On his arrival in India he was posted immediately to Amritsar, where, to his great delight, his father was also stationed. Two years later his father died and soon after he joined another battery at Mian Mir. Shortly after, the bank in which he had deposited the money left by his father for the support of his mother failed; and, finding it a difficult matter to maintain himself and his mother on the meagre salary of a subaltern, he applied for a post on the Bengal Staff Corps. Having qualified himself in Hindustani and Urdu, he was attached to the 21st Punjab Infantry then on its way to Abyssinia. It was during this Abyssinian Campaign of 1867 that he laid the foundations of his distinguished career. He was first put in charge of the water-supply at Zoula, and having successfully conducted a convoy with 50,000 dollars to Senafe, he was appointed to look after a transport train. Later he quelled a rising at Dildee and gained the respect and affection of the natives to such an extent that he was appointed Provost-Marshal of the place by the officer in command, Colonel J. Grant. On the arrival of Sir Robert Napier, Lieutenant Warburton received the personal thanks of this distinguished officer for the services rendered by him; and it was through the instrumentality of Sir Robert himself that Warburton succeeded later in getting an appointment on the Punjab Commission. At the conclusion of the campaign he was invalided to England for dysentery, and whilst there he married Mary, the only daughter of William Cecil of Monmouthshire. She, however, did not join him in India till 1870.

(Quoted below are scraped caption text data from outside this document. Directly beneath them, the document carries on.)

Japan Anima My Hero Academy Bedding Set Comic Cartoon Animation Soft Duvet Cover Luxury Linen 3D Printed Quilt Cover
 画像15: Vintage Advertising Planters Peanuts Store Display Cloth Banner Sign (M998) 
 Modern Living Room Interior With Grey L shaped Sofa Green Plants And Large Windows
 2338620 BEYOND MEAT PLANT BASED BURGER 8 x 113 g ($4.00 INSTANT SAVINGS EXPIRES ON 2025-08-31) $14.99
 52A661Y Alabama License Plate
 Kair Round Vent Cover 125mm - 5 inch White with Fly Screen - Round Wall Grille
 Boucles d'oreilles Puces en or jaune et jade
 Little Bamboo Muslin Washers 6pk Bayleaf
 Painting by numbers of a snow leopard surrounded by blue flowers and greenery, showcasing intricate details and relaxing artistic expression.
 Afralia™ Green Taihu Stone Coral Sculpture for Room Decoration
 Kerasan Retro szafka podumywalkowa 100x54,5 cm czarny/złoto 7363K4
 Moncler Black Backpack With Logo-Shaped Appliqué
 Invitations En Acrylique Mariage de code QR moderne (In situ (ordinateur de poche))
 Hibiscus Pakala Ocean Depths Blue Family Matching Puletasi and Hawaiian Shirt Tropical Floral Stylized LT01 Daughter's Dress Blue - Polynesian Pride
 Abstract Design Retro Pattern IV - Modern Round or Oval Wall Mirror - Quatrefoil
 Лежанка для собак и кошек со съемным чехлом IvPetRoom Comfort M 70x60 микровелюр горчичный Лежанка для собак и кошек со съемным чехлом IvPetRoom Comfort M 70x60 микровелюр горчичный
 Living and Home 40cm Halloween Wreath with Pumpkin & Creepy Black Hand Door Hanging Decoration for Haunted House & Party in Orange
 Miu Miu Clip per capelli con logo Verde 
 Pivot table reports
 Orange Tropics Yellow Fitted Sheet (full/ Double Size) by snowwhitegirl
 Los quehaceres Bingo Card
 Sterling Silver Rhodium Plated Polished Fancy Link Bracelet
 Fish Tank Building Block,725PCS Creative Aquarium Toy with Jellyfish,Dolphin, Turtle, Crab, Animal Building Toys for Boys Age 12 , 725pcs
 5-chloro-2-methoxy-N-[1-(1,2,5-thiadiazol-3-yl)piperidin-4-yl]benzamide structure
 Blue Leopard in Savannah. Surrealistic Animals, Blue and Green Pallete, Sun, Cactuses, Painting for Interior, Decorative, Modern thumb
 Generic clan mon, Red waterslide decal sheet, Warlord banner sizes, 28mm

On his return to India in 1869 he joined the 15th Ludiana Sikhs at Amballa and was shortly after transferred to Ferozepore. He passed the examination of the Bengal Staff Corps the next year, and simultaneously he was the recipient of the good news that he had succeeded in obtaining an appointment on the Punjab Commission. His first post was as Assistant Commissioner under Colonel Pollock of the Peshawar Division, and in this and similar capacities he served the Punjab Government till 1879. During these nine years he obtained a thorough knowledge of the language, the customs, and the peculiarities of the border tribes; and conscientiously discharged his duties both to the satisfaction of his superiors and to that of the people he was over. In 1872 he successfully put down a rising among the Utman Khels. For all his services he received the compliments of the Punjab Government five times and on three occasions he was congratulated by the Secretary of State himself. In the Afghan troubles of 1878, Sir Louis Cavagnari made repeated attempts to secure the services of Captain Warburton on his staff, but he was each time told that the latter was too valuable an officer to be spared. One by one all his colleagues were given to Sir Louis, but no amount of persuasion could induce the authorities to part with Warburton himself. A few months later Cavagnari and his entire suite were murdered by a Cabul mob. In 1880 or, rather in the end of 1879, he was offered and accepted the post of Political Officer of the Khyber, and immediately after he was invalided home again for dysentery.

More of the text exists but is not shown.